這是這半年來第 N 次了,屏東爺爺一再地出現在我夢裡。

我有兩個爺爺,一個在台北,一個在屏東。台北的爺爺覺得叫外公太見外,所以叫爺爺。屏東的爺爺,見到面的時候,叫爺爺,日常生活裡跟家人提及他的時候,他叫做「屏東爺爺」。

屏東爺爺在 1998 年的八月過世了。
死因:他把自己餓死了。
這是我人生重大的事件之一,影響的重大程度直至今日依舊,我依舊不願意皈依儒家。
外國人一直以為儒家思想是一種宗教,我們甚至有孔廟,對外國人來說這種偶像崇拜,就是一種宗教,更何況孔孟等聖賢立了許多教條,而且中華文化獨尊儒術數千年,人人從小背誦三字經倫語之類的文言文,像是基督教徒背聖經,只學不問的相信那些文字。
儒家思想是一種哲學,是一種思想,是一種我不想跟隨到底的教條。

小學的時候,每一年夏天,我都在屏東度過,爸爸媽媽說我是去陪爺爺,我倒覺得他們是把我丟到屏東去省得他們麻煩。
爺爺只有一條腿,應該說一條半,他的右腿(我跟麻嗎都不太確定爺爺是少哪一條腿,目前先依賴我的記性)在一場修公共電話的意外中截掉了,詳細情形只有他自己知道吧,總之那久遠年代的公共電話又大又重,身為電信人員的爺爺的腿被電話砸下,從我有記憶以來他只有三分之一個右小腿連在他的右膝蓋下。
他常常用他的「yakimo」右腿嚇孫子們作為娛樂。每天下午賣烤地瓜的小販會經過爺爺的巷子,喊著「yakimo」,如果我乖,爺爺就會買一個或是兩個給我。烤地瓜的皮黑黑皺皺的,還真有點像他的右小腿。

爺爺很少跟我玩,他有他的威嚴,我有我的膽怯,我不記得我跟他有多少的對話,我也似乎沒跟他撒嬌過,五六個夏天裡,每天過著一樣的生活。
爺爺在那一場意外之後似乎就提早退休了,我成為他退休無聊的生活裡的另一個無聊的元素。
早上天還沒亮,他騎著他的白色機車去公園運動,基本上就是甩甩手散散步,我幾乎都跟著他去,但是我待在操場旁邊的欄杆處跟自己玩,培養一覺醒來後就做白日夢的習慣。然後六七點左右,到市場買菜吃早餐,爺爺天天早上都吃一樣的麵,好大一碗湯麵,他每次都加好多好大湯匙的好辣的辣椒醬,證明湖南人多愛吃辣。

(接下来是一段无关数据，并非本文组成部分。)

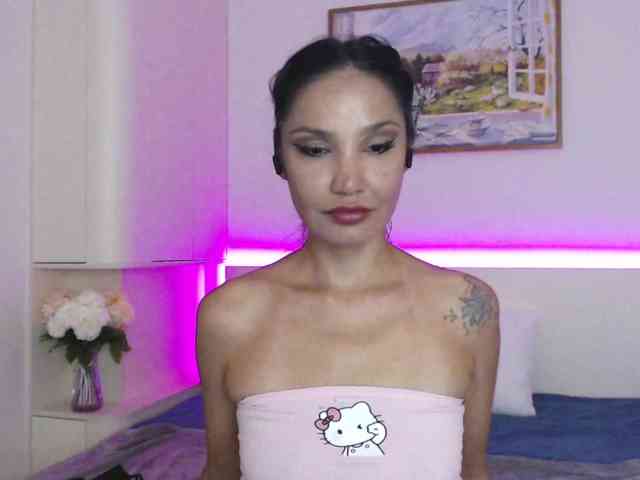Ohmy-Linda webcam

有的時候,他還會叫鹹豆漿,鹹豆漿的意思就是豆漿放蔥花、打蛋、丟油條,還有好多好辣的辣椒醬。我呢,偶爾湯麵,偶爾乾麵,偶爾涼麵,偶爾滷肉飯,偶爾雞肉飯,偶爾飯糰。
離開市場前,爺爺會問我要不要大餅,我都會說要。雖然說台北的爺爺才是山東人,但是我喜歡上山東大餅是跟屏東爺爺學的。

早上的時光通常就是我待在三樓的房間裡做白日夢和寫暑假作業。嗯… 大部分是在做白日夢,我窩在被單裡想像著自己的童話故事。爺爺通常在客廳裡看平劇或是華視莒光日節目,有時他會坐在門外吹風,跟路過的鄰居台槓。

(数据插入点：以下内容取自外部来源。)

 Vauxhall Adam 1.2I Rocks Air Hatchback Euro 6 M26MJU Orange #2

午餐都會很準時的在正午開飯,因為「天天開心」在十二點開演,我到現在還會哼天天開心的主題曲呢。半個小時之後,繼續看台視新聞,一點鐘看華視的「好彩頭」,一點半看中視的八點檔重播,所有潘盈紫的古裝片都是在暑假的時候看完的,「星星知我心」更是童年回憶的重頭戲。禮拜六中午還有「中國民間故事」可以看。

下午,二姑姑偶爾會來帶我出去玩,看電影、逛公園、有幾次跟著她和她男友去山地門或是海邊,但是我記憶所及的有限。
五點以前,我會跟我的綠色塑膠青蛙洗好澡,每天都泡澡泡到手腳皺皺的才願意爬出浴缸。五點開始看卡通看到七點鐘,有幾個夏天在六點半的時候就要把電視轉台權還給爺爺,因為他要看布袋戲或是歌仔戲。雖然說,台北的奶奶才是講台語的,但是我開始接觸台語文化是跟屏東爺爺學的。

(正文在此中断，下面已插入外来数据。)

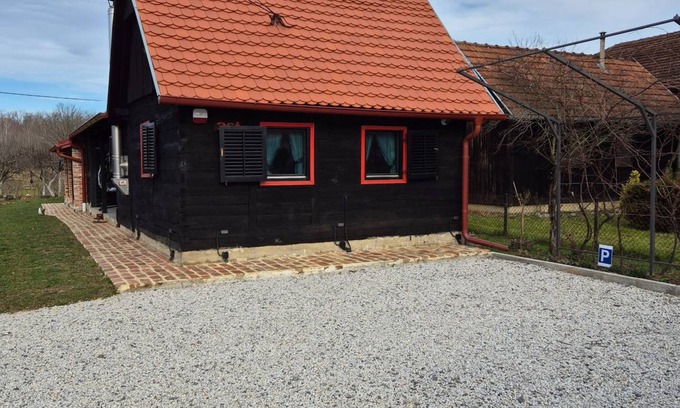 Lekenik House | 120 m² House ∙ 2 bedrooms ∙ 6 guests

晚餐配七點的新聞,接上八點的連續劇,我跟著麻嗎在台北的教誨,九點多或是十點以前一定上床睡覺。除非我在二姑姑家裡過夜,我會跟她一起看電視或是玩跳棋、大富翁到很晚很晚才睡覺。除非是禮拜三晚上,大街上有流動夜市可以去逛,爺爺或是二姑姑會買烤玉米給我吃。

屏東爺爺教我下象棋,二姑姑教我下跳棋和圍棋和玩大富翁。我喜歡表哥表姊也來屏東陪爺爺的幾個夏天,我可以玩大富翁很多次,可以不用一個人去公園玩,可以搶著最好吃的 yakimo,雖然他們喜歡講鬼故事嚇我,雖然我不喜歡表姊的紙娃娃。

我不喜歡屏東爺爺家,尤其是他的房間,因為牆上掛著很多相片:爺爺年輕時候的相片、爸爸當兵時的相片、麻嗎的婚紗照、漢漢的成名照(我弟弟最傑出的獨照,那是他還不會走路前,坐在溪頭賓館裡紅色沙發上,白白胖胖的臉和紅紅的小嘴),當然還有其他照片,不過我不記得了。我不喜歡房間裡有任何相片或是任何娃娃,我害怕有臉的東西… (這是自閉症的症狀,幸好我從三歲開始就不斷的證明自己在公開場合很會說話,推翻了自閉症的可能性)。
即使其他房間,我也不喜歡,因為有其他照片,尤其是三樓左邊的那間,陽光照不進去,牆上有一張好大的金瑞瑤海報,總覺得她在盯著我看。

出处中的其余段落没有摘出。